Reporters sans frontières est très préoccupée par l'attitude du ministère chinois des Affaires étrangères, qui a récemment convoqué et mis en garde deux journalistes occidentaux suite à des reportages au Tibet.

"Alors même que le Comité d'organisation des JO de Pékin vient de rendre public un document très détaillé sur tous les bénéfices dont vont pouvoir bénéficier les journalistes étrangers, il est choquant de voir que des correspondants étrangers sont harcelés pendant leurs enquêtes, puis sermonnés quand ils publient des informations qui déplaisent aux autorités. Nous demandons à Liu Qi de prendre position publiquement pour que les journalistes puissent se rendre sans entraves au Tibet et au Xinjiang et de faire cesser les pratiques de harcèlement", a affirmé l'organisation.

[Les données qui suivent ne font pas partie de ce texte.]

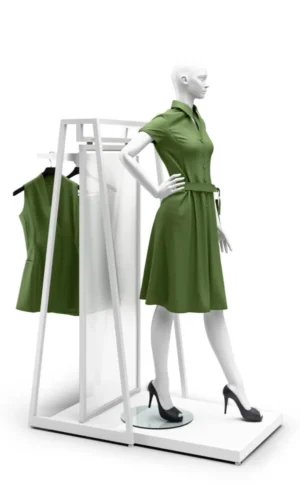 Clothing Racks & Dressing Rooms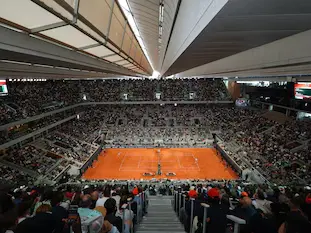 Desde el 24 de mayo, se juega en París , Roland Garros 2026 con 9 argentinos. Foto: ATP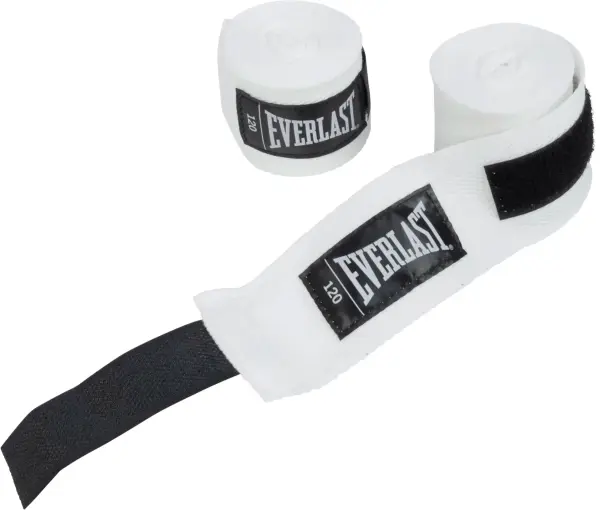 Бинти боксерські Everlast CORE HANDWRAPS білі (304,8 см) P00003245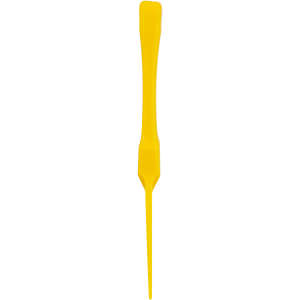 Carlisle, Sparta, 3", Plastic Handheld Scraper, Yellow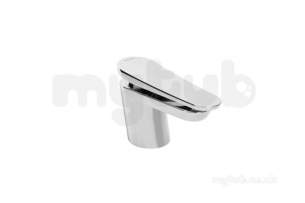 Bristan Brassware -  Claret 1 Hole Bath Filler Clr 1hbf C - Chrome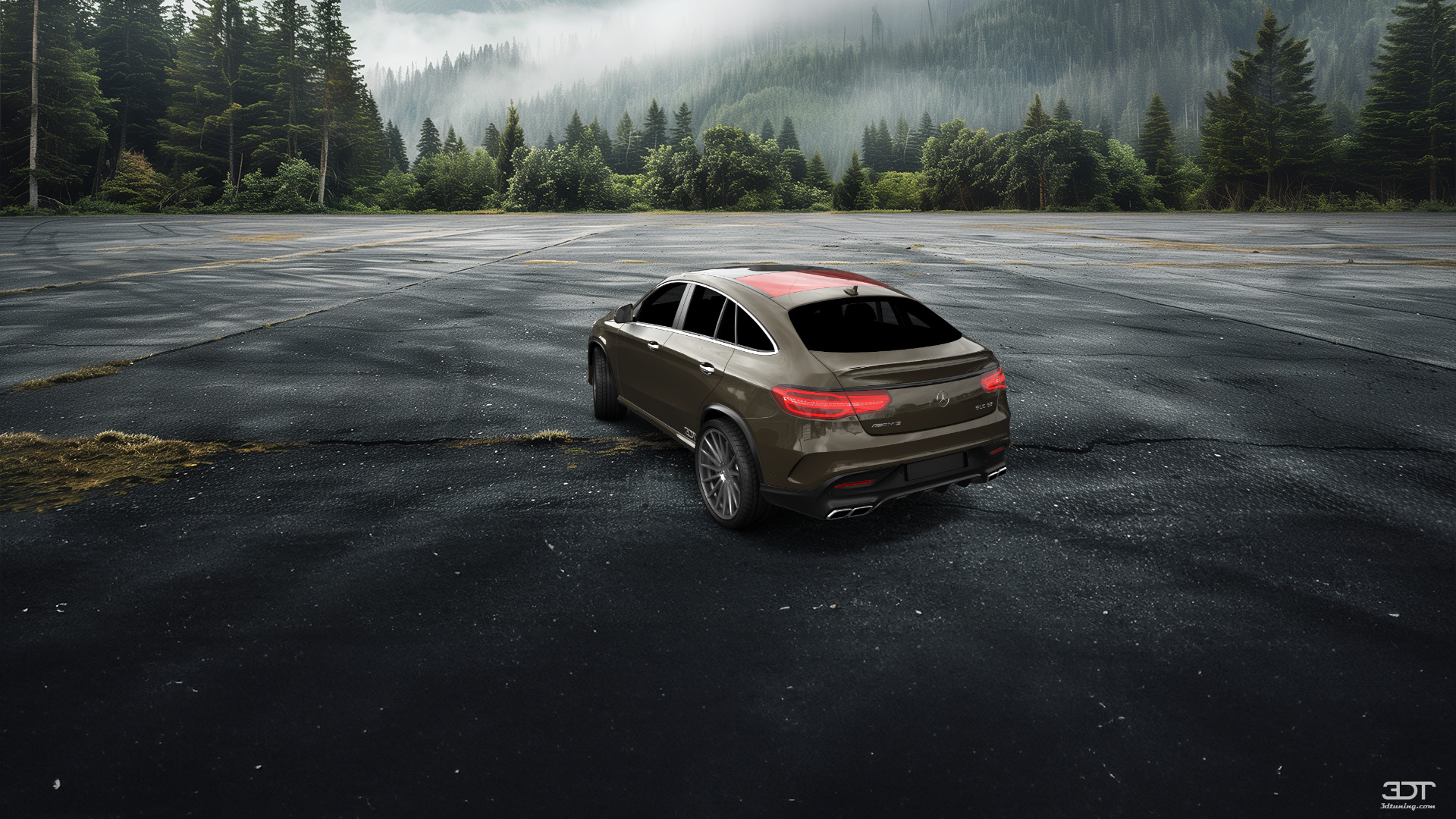 Mercedes GLE Coupe SUV 2016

Dans son introduction du "Guide des services pour les journalistes étrangers lors des Jeux olympiques de Pékin", rendu public le 9 mai dernier, Liu Qi écrit : "La liberté des journalistes étrangers dans leurs activités professionnelles sera assurée." Plus loin, il est écrit : "Les journalistes étrangers avec un visa valide ou un certificat peuvent voyager aux endroits ouverts aux étrangers." Reporters sans frontières déplore, en outre, que les autorités confirment dans ce guide que les nouvelles régulations prendront fin en octobre 2008.

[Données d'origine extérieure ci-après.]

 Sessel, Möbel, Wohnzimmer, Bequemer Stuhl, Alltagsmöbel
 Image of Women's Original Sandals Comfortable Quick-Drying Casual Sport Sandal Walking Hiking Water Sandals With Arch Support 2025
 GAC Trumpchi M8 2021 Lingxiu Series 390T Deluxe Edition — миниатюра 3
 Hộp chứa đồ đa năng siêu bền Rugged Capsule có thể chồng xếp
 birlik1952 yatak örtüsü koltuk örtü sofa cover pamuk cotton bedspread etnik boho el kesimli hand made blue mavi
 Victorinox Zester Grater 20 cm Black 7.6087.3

Le 15 mai, Harald Maass, correspondant en Chine du quotidien allemand "Frankfurter Rundschau", a été convoqué au ministère chinois des Affaires étrangères. Un directeur de division du Département de l'Information, Zhang Lizhong, a mis en garde le journaliste, affirmant que son reportage au Tibet était une "erreur" et une affaire sérieuse. Il a reproché à Harald Maass d'avoir "déformé les faits" dans ses articles et d'avoir "violé les standards journalistiques". L'officiel lui a demandé de "corriger ses erreurs". Interrogé par Reporters sans frontières, Harald Maass a expliqué que c'était la première fois en neuf ans de présence en Chine qu'un officiel du ministère des Affaires étrangères le menace pour ses articles.

Zhang Lizhong a déclaré que le journaliste avait le droit de se rendre au Tibet en vertu des nouvelles régulations concernant la presse étrangère, mais qu'il aurait dû obtenir une autorisation des représentants du ministère (Weiban) à Lhassa.

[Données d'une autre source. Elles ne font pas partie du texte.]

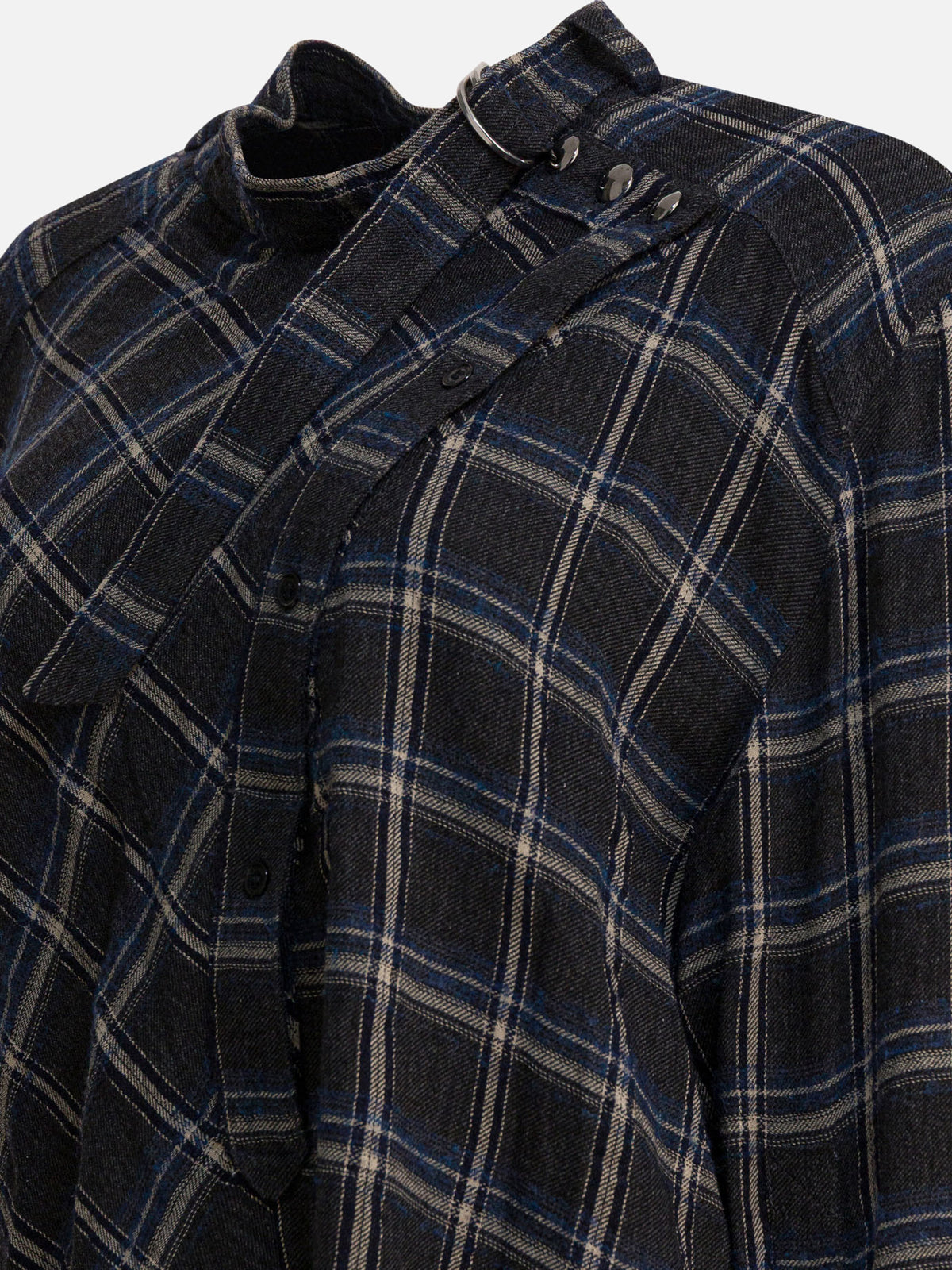 Isabel Marant "Gerla-GD" Blouse Blue - VIETTI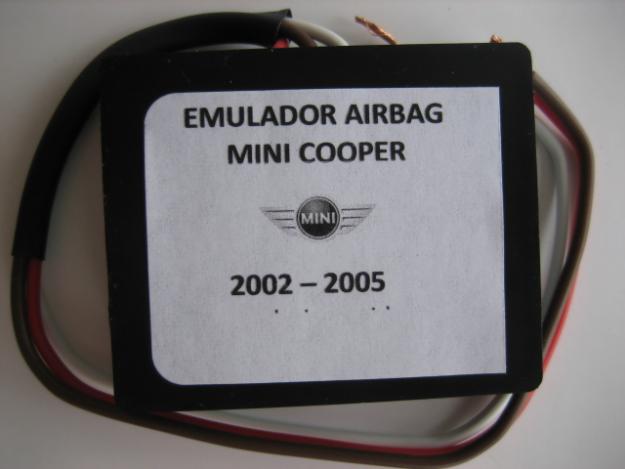 Mini cooper, averia airbag, sensor asiento pasajero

Le même jour, Tim Johnson, correspondant du groupe de presse américain McClatchy en Chine, a été convoqué par le même officiel du ministère des Affaires étrangères. Zhang Lizhong lui a également reproché son reportage au Tibet. Il a qualifié certains passages des articles du correspondant de "faux" et "inacceptables". Selon Tim Johnson, Zhang Lizhong lui a dit que les nouvelles régulations ne couvraient pas les reportages au Tibet.

Harald Maass et Tim Johnson s'étaient rendus au Tibet en avril dernier. A leur arrivée à Lhassa, ils avaient été suivis et harcelés par des policiers chinois en civil. Des Tibétains avec qui ils s'étaient entretenus ont reçu des amendes. La police a empêché Harald Maass de se rendre dans la ville de Shigatse.